The single most important tool anyone has is their brain. To make that tool work at its greatest efficiency, it needs knowledge and training. The best source for that in our industry is the American Concrete Institute (ACI). Over the last few years, ACI’s educational programs have undergone revolutionary changes, moving from books and live seminars to web-based programs available to anyone, any time. For spearheading this transformation, we are recognizing Educational Activities Committee (EAC) Chair Frances Griffith as one of the Most Influential People in the Concrete Industry in 2018.
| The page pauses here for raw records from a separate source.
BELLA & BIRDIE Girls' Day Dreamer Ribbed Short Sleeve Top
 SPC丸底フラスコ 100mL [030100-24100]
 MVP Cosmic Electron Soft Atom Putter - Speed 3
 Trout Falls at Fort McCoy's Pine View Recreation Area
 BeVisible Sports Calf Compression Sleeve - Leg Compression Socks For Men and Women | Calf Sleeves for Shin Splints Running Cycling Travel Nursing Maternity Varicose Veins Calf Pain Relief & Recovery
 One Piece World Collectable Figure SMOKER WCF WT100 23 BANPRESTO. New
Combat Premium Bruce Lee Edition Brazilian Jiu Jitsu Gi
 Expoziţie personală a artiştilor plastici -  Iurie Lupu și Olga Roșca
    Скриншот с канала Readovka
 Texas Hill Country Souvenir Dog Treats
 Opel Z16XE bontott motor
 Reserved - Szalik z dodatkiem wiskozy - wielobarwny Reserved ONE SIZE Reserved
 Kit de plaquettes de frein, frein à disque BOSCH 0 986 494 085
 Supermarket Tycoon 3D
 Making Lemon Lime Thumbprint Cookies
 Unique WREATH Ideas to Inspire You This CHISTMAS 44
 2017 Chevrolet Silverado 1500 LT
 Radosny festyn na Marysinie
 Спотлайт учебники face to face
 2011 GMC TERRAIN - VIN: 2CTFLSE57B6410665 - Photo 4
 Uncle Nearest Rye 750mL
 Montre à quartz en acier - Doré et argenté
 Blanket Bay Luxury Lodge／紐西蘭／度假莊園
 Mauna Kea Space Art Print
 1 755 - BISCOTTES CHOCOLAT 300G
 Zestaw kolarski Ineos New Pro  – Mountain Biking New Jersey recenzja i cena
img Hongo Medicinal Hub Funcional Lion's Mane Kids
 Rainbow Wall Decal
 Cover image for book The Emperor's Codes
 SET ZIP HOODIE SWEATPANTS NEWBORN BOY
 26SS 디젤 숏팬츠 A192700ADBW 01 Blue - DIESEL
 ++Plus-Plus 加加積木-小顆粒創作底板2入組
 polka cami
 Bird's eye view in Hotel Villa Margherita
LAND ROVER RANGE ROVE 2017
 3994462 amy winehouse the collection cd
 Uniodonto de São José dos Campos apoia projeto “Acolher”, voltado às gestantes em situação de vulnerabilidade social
“I was in the right place at the right time,” she insists. “We had a brainstorming activity around the new strategic plan in the meeting right before I became chair in fall 2014. Who wouldn’t love taking over when a committee’s just listed everything it would like to do?! All these great ideas got plopped into my lap.”
She wasted no time implementing them by collecting all online learning under ACI University, a cornucopia that touches nearly every industry topic. “We thought many of the ideas would fit nicely under this umbrella. We developed a new logo and an app and introduced the whole thing at World of Concrete 2015.” The committee also developed a certificate program, a series of online classes to earn a digital badge attesting to expertise in topics like anchorage design and concrete construction fundamentals.
Griffith’s role as associate director for the Center for Training Transportation Professionals at the University of Arkansas brought her to ACI and especially to the education and certification committees. “We are a little bubble program under the department of civil engineering, which has a contract with the Arkansas DOT to provide training.” The program includes ACI certification in field testing and strength testing.
Are we losing something by not having face-to-face educational efforts and relying on online education?
“There’s nothing better than being able to pick up the phone and talk with someone you’ve met at a meeting. We lose some of that but are able to touch many more people. I don’t know where the balance falls, but I hope the gains are outweighing the losses.”
Griffith’s vision for the future is expansive and aggressive. “I’d like an educational product for every ACI technical document because that would reflect the thoughts and meanings behind all the words. At ACI’s last convention, we went to some technical committees and told them about all the programs they could develop—online CEUs, webinars, what’s under ACI University for them to use.”
ACI has begun relying more on its staff to develop educational offerings. “Members still want to volunteer, but we want that time to be productive, making something happen.” As long as ACI has leaders like Griffith, things will continue to happen.